System calls

initArachne(yieldInfoSharedMemoryPtr): Called at Arachne startup to establish a shared memory pointer for communication with ther kernel about how many threads the application should continue to run (this shared memory pointer is not thread local).
blockUntilCoreAvailable(coreInfoSharedMemoryPtr): Adds the calling thread to the kernel's internal list of sleeping threads that it will wake up and run when a core becomes available. The shared memory pointer is used to tell the application which core this thread is running on (it should point to a thread local variable) after this call returns.
setNumCores(priorityArray[]): Given an array of the number of cores to allocate at each priority, the kernel will asynchronously wake up the requested number of threads from their calls to blockUntilCoreAvailable and allow them to run on individual cores.

Kernel Scheduler

The kernel will have a new high-priority scheduling class that only allows one thread on its run queue at a time. It keeps track of the threads that have called blockUntilCoreAvailable and chooses which threads to wake up and add to a run queue when the application calls setNumCores. The kernel communicates via the coreInfoSharedMemoryPtr (provided by blockUntilCoreAvailable) which core this thread is running on.

When the kernel needs to communicate to the application that it wants a core back, it will write the number of cores it wants the application to have to the yieldInfoSharedMemoryPtr (provided by init).

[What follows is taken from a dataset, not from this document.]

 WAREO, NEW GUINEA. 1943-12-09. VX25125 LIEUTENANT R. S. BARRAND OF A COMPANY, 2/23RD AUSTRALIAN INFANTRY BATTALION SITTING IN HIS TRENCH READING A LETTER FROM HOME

It does not communicate how many cores it wants back because that would require the application to write to the shared memory and create a race.

Blocking System Calls (Kernel Side)

The kernel knows that there is a blocking system call when a run queue that previously had a thread running is empty. The kernel will wake up a sleeping thread and substitute it into the run queue, providing the thread's new core information via coreInfoSharedMemoryPtr.

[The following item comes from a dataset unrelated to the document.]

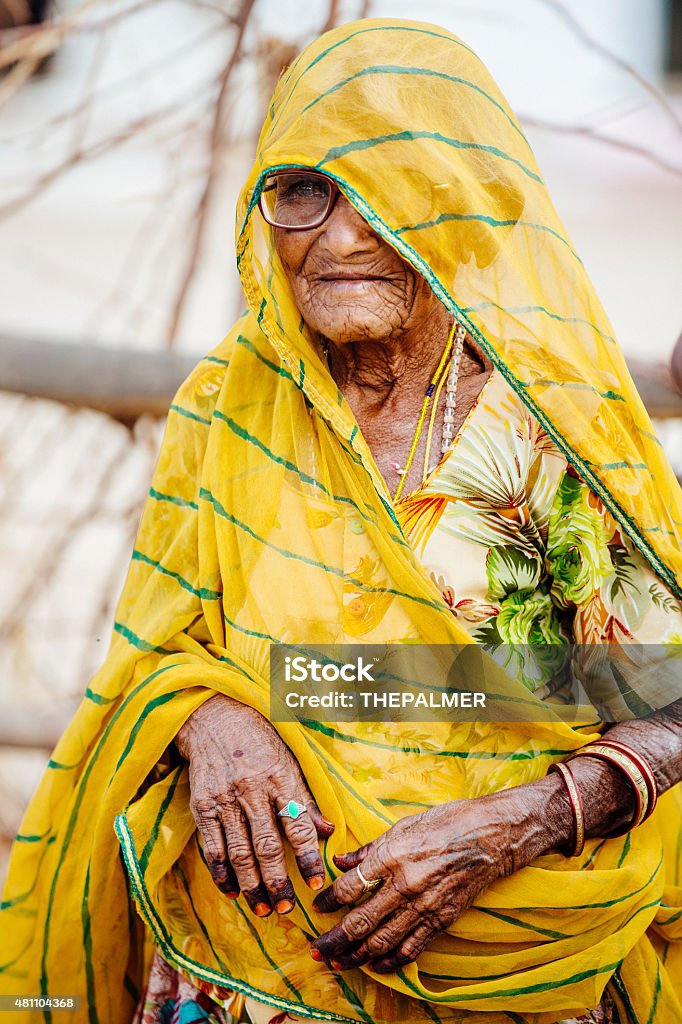 Indian senior woman Indian senior woman covered wit yellow veil in Rajastahn 2015 Stock Photo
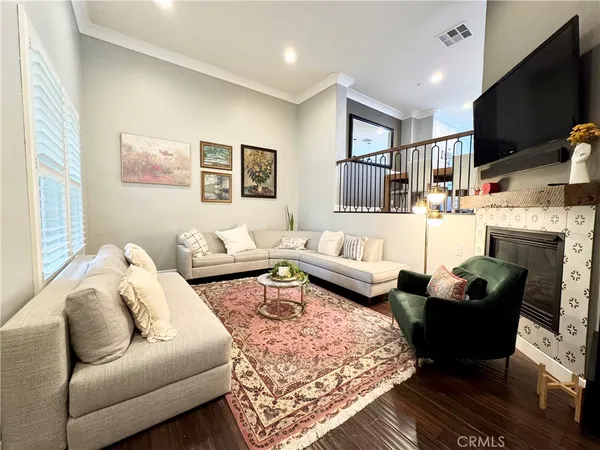 a living room with furniture fireplace and flat screen tv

When a blocking system call returns, the kernel will communicate to the substituted thread via coreInfoSharedMemoryPtr that it should yield at the next opportunity so that the original thread can run.

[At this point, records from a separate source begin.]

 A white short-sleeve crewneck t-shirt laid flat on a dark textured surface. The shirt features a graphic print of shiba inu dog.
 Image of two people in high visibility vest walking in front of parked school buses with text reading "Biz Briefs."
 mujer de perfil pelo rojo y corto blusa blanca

Arachne Library (Userspace)

The Arachne library creates n+k kernel threads (using std::thread), where n is the number of cores and k is some extra number of cores to have in reserve in case of blocking system calls. It adds more threads to the pool if it ever runs out. We are creating threads in userspace under the assumption that it is easier to deal with them there than in the kernel. Each thread will have the following main loop:

while (true):
    blockUntilCoreAvailable()
    if we are the first thread running on this core (check shared memory):
        initialize state
        run normally
    else:
        // There was a blocking system call on this core
        increment counter for the threads running on this core
        run until the kernel tells us via shared memory that we should yield

When the application notices via the yieldInfoSharedMemoryPtr that it needs to give back some number of cores, it will choose which cores to give up and then call blockUntilCoreAvailable on all threads running on that core.

Open Questions

How will priorities work?
What is the minimum set of functions we need to implement in the scheduler?